Update Records In Dataiku
Hi Folks,
I'm trying to find a way in Dataiku to update specific records in a table based off of specified criteria.
Some context: I process data on a daily basis that needs to be transformed to a workable state for a multitude of different reports. There are user-generated date values inside of the report that are invalid for our purposes and need to be adjusted.
We had previously used an Access database and in that database we just had a simple UPDATE query that specified what to look for, and what to change the date values to. However the UPDATE SQL function does not seem to work in Dataiku and I cannot find a way to update the records through the Prepare recipe.
When working in the code notebook I receive a message saying my query works but it does not return results, which is fine because I only want to update some values. When I try and use the SQL Script recipe, after some finicking, it indicates that it ran successfully, however when I go and check my output table it is clear that nothing was changed.
Furthermore, to even get the SQL Script to not kick an error immediately I had to write my input dataset to my export data set so that the schema matched. The output data set would not update it's schema automatically because the query is only meant to update records, not actually pull any information.

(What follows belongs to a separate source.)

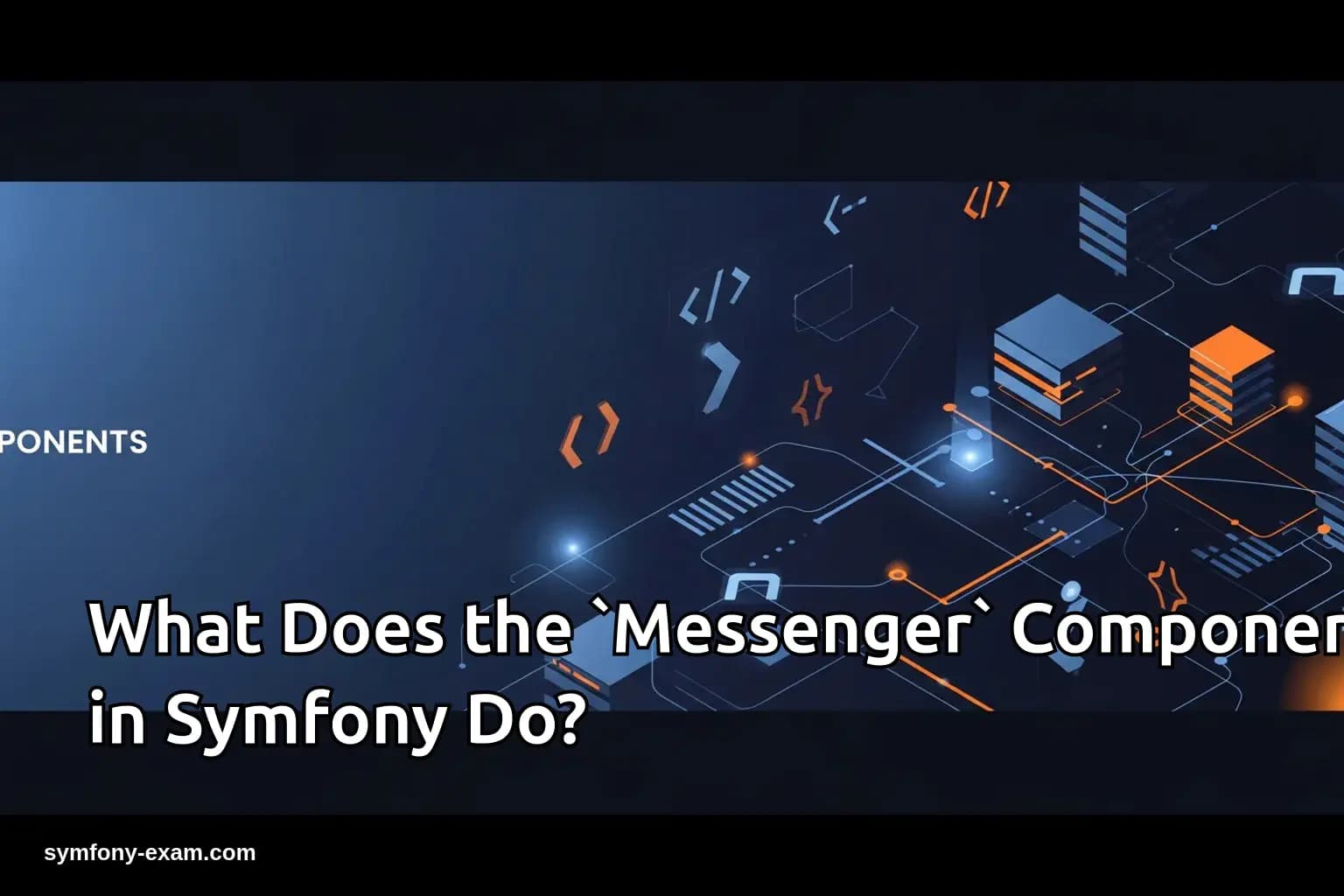 What Does the `Messenger` Component in Symfony Do?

My guess is that the issue is caused by both system limitations and a lack of understanding on my part. But any help is much appreciated!
Best Answer
-
*SOLVED*
So I was actually able to insert my UPDATE statement into the "post-write statements" section in the Advanced tab in Settings. It appears to be working as intended and it will update the records every time I rebuild that data set, which was the desired outcome.
Answers
-
Marlan Neuron 2020, Neuron, Registered, Dataiku Frontrunner Awards 2021 Finalist, Neuron 2021, Neuron 2022, Dataiku Frontrunner Awards 2021 Participant, Neuron 2023 Posts: 320 Neuron
Hi @ScottSparks
,Yes, it's not really DSS' forte to update records. That said, it certainly is doable and we have used a couple of approaches.

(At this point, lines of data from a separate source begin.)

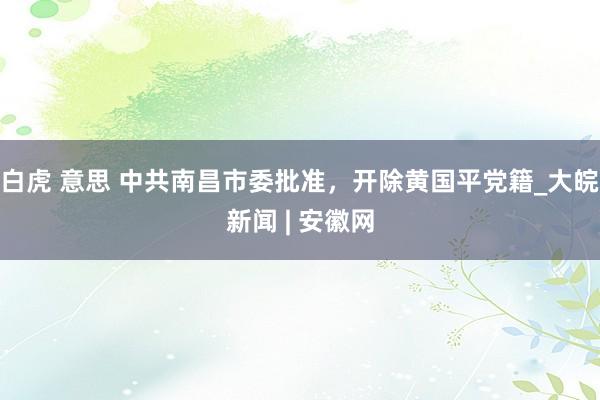 白虎 意思 中共南昌市委批准，开除黄国平党籍_大皖新闻 | 安徽网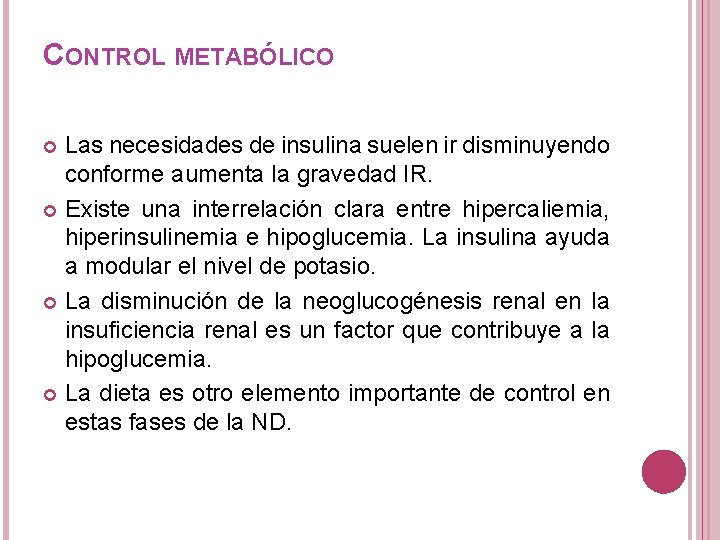 CONTROL METABÓLICO Las necesidades de insulina suelen ir disminuyendo conforme aumenta la gravedad IR.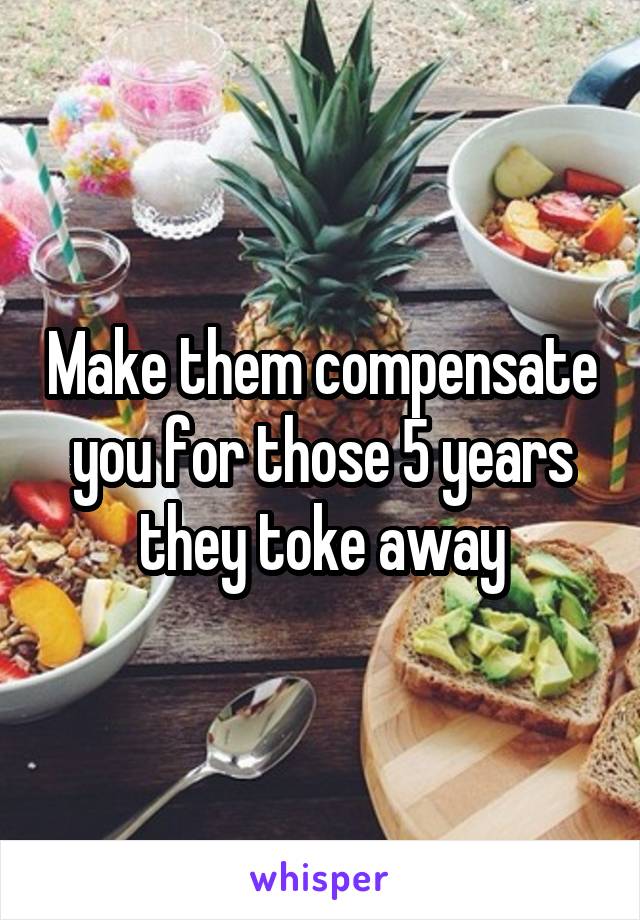 Make them compensate you for those 5 years they toke away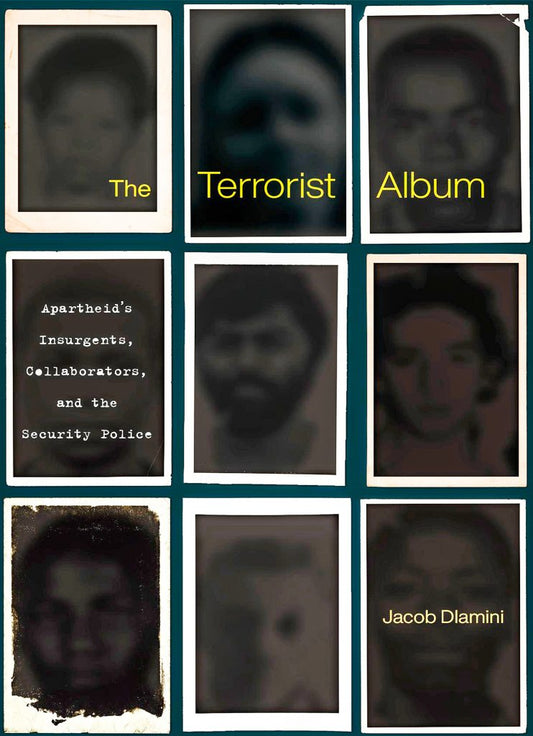 The Terrorist Album (hardcover), by Jacob Dlamini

The most straightforward is to use an Execute SQL step in a Scenario. The Execute SQL script is simply your SQL update statement. In this approach you don't need to create any datasets or recipes so if this the only functionality in your project, then the flow would be empty. You'd be using scenarios to automatically run the update schedule on a particular schedule (or when some data changes).

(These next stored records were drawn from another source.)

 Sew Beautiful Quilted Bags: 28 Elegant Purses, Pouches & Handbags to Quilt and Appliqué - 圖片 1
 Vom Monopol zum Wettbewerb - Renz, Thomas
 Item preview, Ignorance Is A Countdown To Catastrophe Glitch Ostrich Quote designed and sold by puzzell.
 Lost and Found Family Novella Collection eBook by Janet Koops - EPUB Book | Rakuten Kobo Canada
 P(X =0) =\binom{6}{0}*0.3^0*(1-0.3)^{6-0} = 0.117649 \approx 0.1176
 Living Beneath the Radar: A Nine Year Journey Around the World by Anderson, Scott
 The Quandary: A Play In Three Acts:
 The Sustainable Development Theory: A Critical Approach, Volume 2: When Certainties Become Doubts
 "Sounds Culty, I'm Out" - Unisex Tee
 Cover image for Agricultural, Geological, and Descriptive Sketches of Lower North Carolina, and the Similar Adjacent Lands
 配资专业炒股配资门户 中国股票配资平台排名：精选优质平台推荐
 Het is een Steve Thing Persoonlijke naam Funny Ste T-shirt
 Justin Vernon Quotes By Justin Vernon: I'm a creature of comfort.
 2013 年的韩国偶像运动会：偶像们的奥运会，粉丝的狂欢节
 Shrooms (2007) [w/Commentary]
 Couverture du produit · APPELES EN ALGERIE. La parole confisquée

If you want to update records as part of the flow then you can certainly write update SQL statements in a SQL Script recipe but as you discovered you'll need an output dataset. What we typically do is create what is essentially a dummy dataset for this purpose. For example, in a recent project, the output dataset was simply a summary of the number of rows updated. So as far as DSS knows you have a typical recipe that produces an output dataset (where the underlying SQL table is dropped and recreated each time) but of course this recipe also includes your update statement.
To see changes made by an update script in the dataset explore view, you may need to click on SAVE AND REFRESH SAMPLE after clicking an the gray "handle" at the left side of the screen.
Hope this is helpful.
Marlan
-
CoreyS Dataiker Alumni, Dataiku DSS Core Designer, Dataiku DSS Core Concepts, Registered Posts: 1,150 ✭✭✭✭✭✭✭✭✭
Thank you for sharing your solution @ScottSparks
! Please feel free to mark it as an ‘Accepted Solution’, if you wish, to help others like you!